To effectively improve soil fertility, Chisambi says farmers ought to first know the nutrients already available in their soils so that they can make better crop and fertiliser choices but this is not the case for most farmers in Malawi, hence, the inclusion of soil testing component in the training.

“Each and every year, farmers cultivate their fields and apply the same fertiliser without knowing the levels of nutrients in their fields. In other areas, they over-apply the nutrients while in some areas they under-apply,” says Chisambi.

Currently, the trained agriculture extension workers are now transferring the knowledge and skills on compost making and soil testing to smallholder farmers in their areas to boost crop production.

The Jica partnership under the Sustainable Land Management Programme builds on the bedrock of one of WFP’s core resilience-building programmes known as Food Assistance for Asset Creation (FFA), whereby participating food insecure and disaster-prone households receive food or cash in return for their work on household and community asset creation and rehabilitation activities.

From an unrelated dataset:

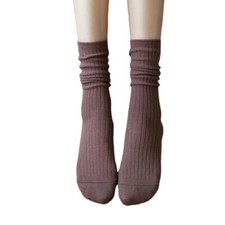 5 Pairs Ladies Solid Color Cotton Breathable Odor-proof Stockings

Through the FFA programme, WFP’s community projects focus on addressing climate change as a ticking time bomb for sustainable food and nutrition security. The FFA projects aim to reduce disaster risk through better soil and water management and improved agricultural infrastructure such as small dams for irrigation in order to improve food and nutrition security as well as boost farmers’ income from agriculture. This is in line with the theme of this supplement: Climate Change – A Time Bomb and also relates to WFP’s vision of supporting the shift from relief to resilience.

Katalina Sinango, 35, from Jumbe Village in Balaka is one of the farmers benefitting from WFP’s FFA activities. Last year, drought affected her three-acre maize field but with WFP’s monthly food rations, she was able to have energy to participate in rehabilitation of water harvesting and irrigation structures as well as tree planting in her community.

Farmers in Balaka are also learning to adapt to a changing climate through innovations that help build resilience to extreme weather shocks – one of these is a simple-to-use rain gauge that contributes to technically advance innovation of weather-indexed microinsurance.

As part of WFP’s resilience programme, 15 farming villages in Balaka district received rain gauges at the beginning of the current rainy season to record rainfall amounts and help them in tracking rainfall patterns. The data recorded from the gauges is used to corroborate satellite readouts that trigger automatic insurance payments to farmers if rainfall is insufficient.

This microinsurance builds on the FFA work in an effort to reduce overall disaster risk and is further linked to a climate services pilot called the Global Framework for Climate Services that improves the flow of agricultural and climate information to farmers through training of trainers, text messages and radio.

Maintaining food security continues to be challenging in the midst of climate change and its resulting effects on annual planting seasons. WFP’s investment in new climate innovations and climate services in Malawi is essential to helping farmers prepare themselves for climate-related shocks and for reducing their risk of falling into food and nutrition insecurity.